08 Dec December Reverend Reflections
Hello First Presbyterian Church,
During this season of Advent we are preparing ourselves to celebrate the birth of Christ (his first advent) while simultaneously anticipating his return to judge the world in equity and righteousness (his second advent).
In our celebration of Jesus’ birth, we often overlook the loss he suffered in that event. It was a great gain to us, but to him it was a sacrifice. The Son of God was now, in some mysterious way, constrained by flesh. The cross is often the place we point as representative of Jesus’ suffering, but perhaps the manger should be as well. It is a thought worth contemplating this Advent season. Consider the immense love that must’ve motivated the boundless and free Son of God to come to us in the flesh.
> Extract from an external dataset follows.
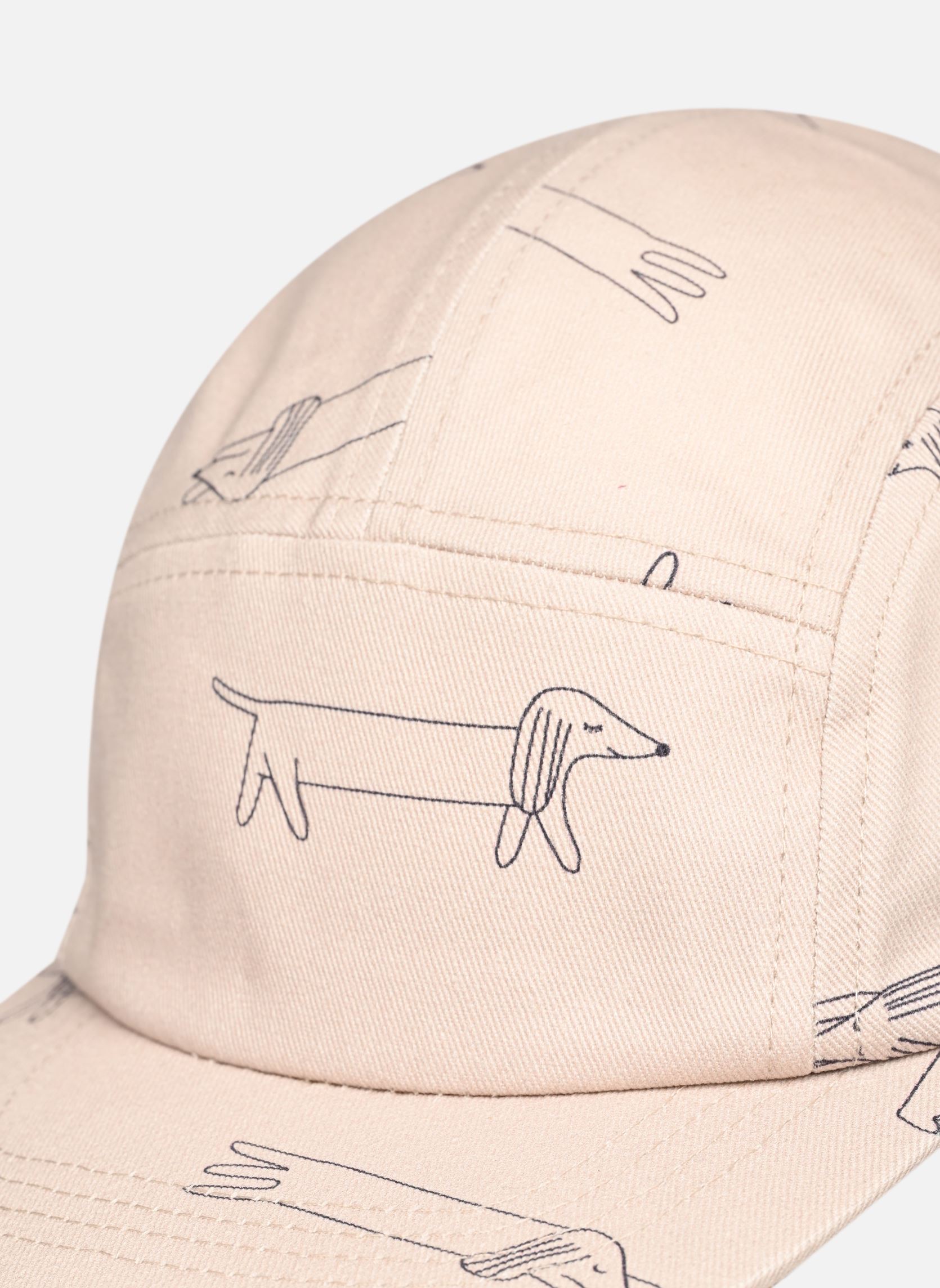 Casquettes Rory Printed Cap blanc Liewood Casquettes Rory Printed Cap blanc Dog / Sandy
In order to facilitate your contemplation of this beautiful truth, I want to share with you a poem from the great John Donne. I have preserved the old English in the version copied below, but that unfamiliarity will hopefully force you to read more slowly and consider more deeply the love of Christ on Christmas morning.
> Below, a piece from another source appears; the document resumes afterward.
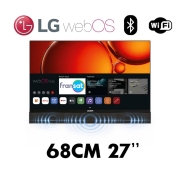 Smart TV LED FHD 68 cm 27 pouces barre de son intégrée ALDEN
The whole life of Christ was a continuall Passion;
others die Martyrs, but Christ was born a Martyr.
He found a Golgotha (where he was crucified) even in Bethlehem, where he was born;
For, to his tenderness then, the strawes were almost as sharp as the thornes after;
and the Manger as uneasie at first, as his Crosse at last.
His birth and his death were but one continuall act,
And his Christmas-day and his Good Friday,
are but the evening and morning of one and the same day.